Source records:
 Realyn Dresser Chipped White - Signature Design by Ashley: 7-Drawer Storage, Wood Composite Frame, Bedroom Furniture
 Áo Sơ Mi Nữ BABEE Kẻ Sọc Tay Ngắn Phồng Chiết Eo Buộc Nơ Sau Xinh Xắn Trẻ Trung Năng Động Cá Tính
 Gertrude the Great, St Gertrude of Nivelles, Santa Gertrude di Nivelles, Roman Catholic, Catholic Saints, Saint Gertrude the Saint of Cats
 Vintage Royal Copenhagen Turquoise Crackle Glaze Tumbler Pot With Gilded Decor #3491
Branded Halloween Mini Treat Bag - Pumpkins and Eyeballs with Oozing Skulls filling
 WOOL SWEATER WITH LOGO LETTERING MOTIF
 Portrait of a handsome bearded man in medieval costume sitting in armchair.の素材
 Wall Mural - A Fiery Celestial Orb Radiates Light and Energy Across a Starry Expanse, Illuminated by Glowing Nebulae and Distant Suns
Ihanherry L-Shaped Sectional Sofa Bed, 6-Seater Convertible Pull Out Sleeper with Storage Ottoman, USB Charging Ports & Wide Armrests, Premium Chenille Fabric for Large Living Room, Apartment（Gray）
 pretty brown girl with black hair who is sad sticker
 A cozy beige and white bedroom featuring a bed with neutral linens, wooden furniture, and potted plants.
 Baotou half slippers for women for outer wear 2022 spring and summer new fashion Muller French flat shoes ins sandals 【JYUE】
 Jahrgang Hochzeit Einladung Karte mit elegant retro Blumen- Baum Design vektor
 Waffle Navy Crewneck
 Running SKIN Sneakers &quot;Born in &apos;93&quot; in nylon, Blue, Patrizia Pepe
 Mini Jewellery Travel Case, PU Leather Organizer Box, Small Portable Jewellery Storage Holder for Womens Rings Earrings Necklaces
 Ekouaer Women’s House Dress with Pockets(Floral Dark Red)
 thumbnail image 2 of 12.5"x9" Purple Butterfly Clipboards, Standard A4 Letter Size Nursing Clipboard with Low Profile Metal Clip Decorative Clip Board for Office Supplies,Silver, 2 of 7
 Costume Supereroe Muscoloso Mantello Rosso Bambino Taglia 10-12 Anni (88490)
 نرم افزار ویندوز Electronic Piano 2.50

DESCRIPTION OF THE TASK - Nothing but the lines from the one with "Ekouaer Women’s House" through the final line of the data above should be output, exactly as written.

RESPONSE -
 Ekouaer Women’s House Dress with Pockets(Floral Dark Red)
 thumbnail image 2 of 12.5"x9" Purple Butterfly Clipboards, Standard A4 Letter Size Nursing Clipboard with Low Profile Metal Clip Decorative Clip Board for Office Supplies,Silver, 2 of 7
 Costume Supereroe Muscoloso Mantello Rosso Bambino Taglia 10-12 Anni (88490)
 نرم افزار ویندوز Electronic Piano 2.50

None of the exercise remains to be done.